Public Access - Can Hype Succeed Where Vine Failed?

The fall of Vine means there is now a gap in the marketplace, and new video streaming app Hype, made by Vine's original co-creators, wants to be the app to fill the role.

Unfortunately, the new video app seems to have little of the appeal carried by Vine.

The original short video app, which Twitter recently announced it was shutting down, allows users to record carefully orchestrated six-second clips that could loop endlessly, allowing creative content makers to garner over 200 million monthly viewers and over 39 million videos.
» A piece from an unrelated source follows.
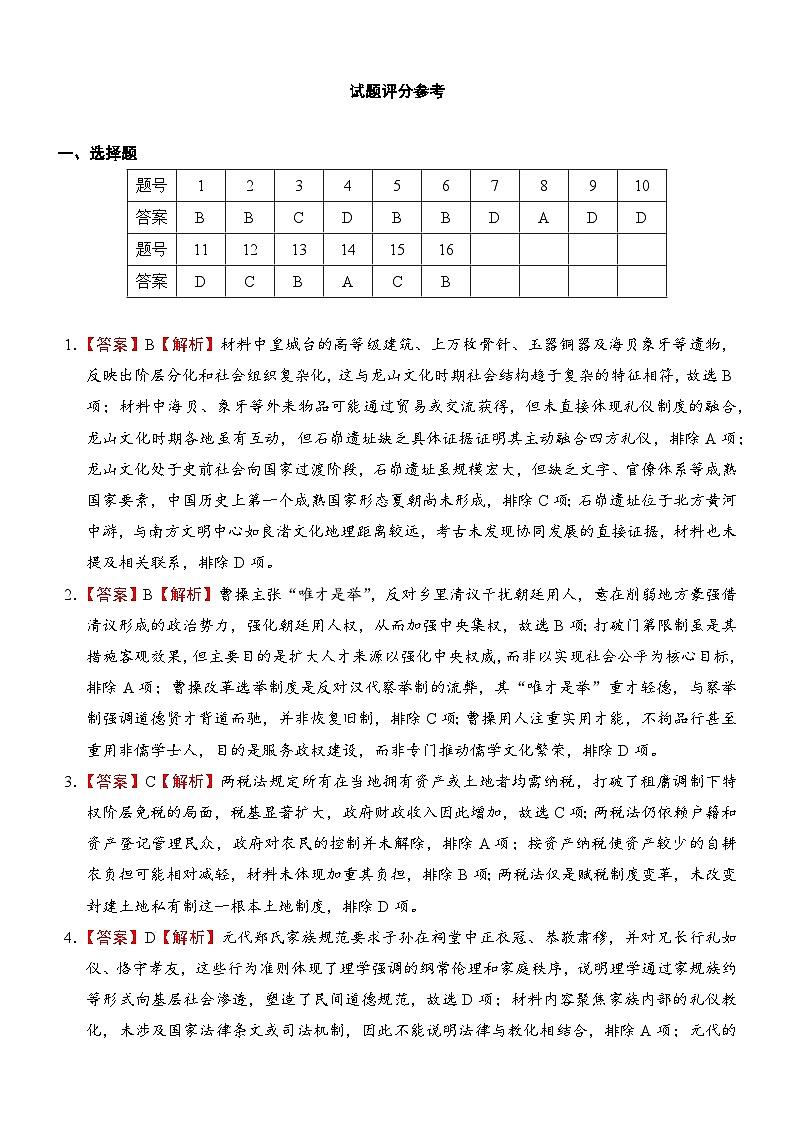 答案解析第1页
Popular users made videos with elaborate plots, sets and character relationships.

While no official closing date has been announced, Twitter did release a statement saying it would close "in the next several months," allowing content makers time to download their material and transfer their accounts and followers to some other social media service.

So if Hype was made by the same people as Vine, why can't it meet the same needs?

For starters, Hype is structured around livestreaming. The service doesn't allow for the elaborately planned, carefully edited pieces published on Vine, instead limiting content creators to what they can physically accomplish in real time. Although users can manipulate the screen as they stream videos, they won't have any of the powerful editing tools that Vine came with.

In addition, the features of the app in general appear to more closely resemble livestreaming features offered by Facebook, rather than Vine's format.

An emphasis on live user interaction makes Hype less of a content producing website and more of a social media website for personalities to interact with fans. Although useful for those with an established following, the format is more well-suited to celebrities than users attempting to create entertainment media.

Livestreaming videos also means content will be less easily shareable, which was part of the original appeal of Vine. "It began with unlimited time," said creator Don Hoffman in 2013. "But when we saw our friends trying to share their videos over text message, we realized that it needed a social component—and that meant we needed to make it quick to share and view."

The lack of shareable content on Hype may make it less quick to catch on, unlike Vine videos, which could be shared and played with those who haven't downloaded the app first, giving them a chance to convince users the app has worthwhile content worth joining to check out.

Of course, Vine seemed equally unusable when it first came out, but in time the app became a sort of condensed YouTube, attracting content creators with similar goals and encouraging a similar relationship of primarily random commenters, rather than friends, to engage with other accounts.

What Hype offers is certainly not new. Snapchat's story option allows its users to do something similar to livestreaming, and Facebook and Tumblr both carry live streaming features today. Services for livestreaming exist in abundance on the internet.

However this social media app, centered entirely on live streaming services, still has to prove its worth before former Vine users will jump on board.